Fake virtual identity, aggravating factor

The use of fictitious identities on the internet, including the attribution of false age or sex, to facilitate the commission of crimes will now be considered an aggravating circumstance in the penal code and the corresponding penalty will be increased to the upper half of the range. It is intended above all for sexual crimes against minors (harassment, grooming, aggression, exhibitionism, corruption), in which paedophiles are increasingly pretending to be boys or girls of their own age in order to trap their victims.

Urgent removal of content

The regulation extends the current system of legal procedures and swift action for the removal of pirated content from web pages or any other digital site, or even its closure, to those that may infringe children's rights. It grants public authorities the same possibilities of action used in the case of infringement of intellectual property rights for situations in which the best interests of the child must be defended.

Free parental controls

All mobile phones, tablets, computers and televisions sold in Spain will be obliged to include an effective and free parental control system so parents or guardians can take measures to protect minors from the risks of using these devices and browsing the internet, chats and social media. Manufacturers and providers will have to offer activation of the system by default in the initial configuration process of the device, as is the case with languages. It will be up to all parents, regardless of their financial means or abilities, to decide whether or not to activate such shielding and what limitations on device and internet use they impose on their children. Its configuration should be user-friendly and accessible to the majority.

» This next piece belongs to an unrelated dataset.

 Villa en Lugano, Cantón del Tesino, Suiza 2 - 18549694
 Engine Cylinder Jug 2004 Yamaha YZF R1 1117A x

Risk warnings and age verification

The draft bill foresees that the parental control device forms a protective triangle with the duty of providers to use an effective age verification system to provide access to adult content (pornography, gambling or violent content, among others) and with their also new obligation to label, with clear information and simple language, all inappropriate content for minors as well as to publicise the risks for these young people of their products and functions. These obligatory alerts will facilitate bans on websites, apps, forums, networks or functionalities that parents can carry out through parental control.

Digital literacy

The regulation orders the implementation of a national strategy for the digital protection of children, with short, medium and long-term measures, most of which will come from the proposal that the group of 50 experts will present this month. One of the basic measures will be a digital literacy programme, which, in coordination with the regions, will be taught from primary, to give children tools for protection and detection of fake news. It will not be a specific subject but rather a cross-cutting teaching that will permeate all education, for which teachers and counsellors will also have to receive specific training.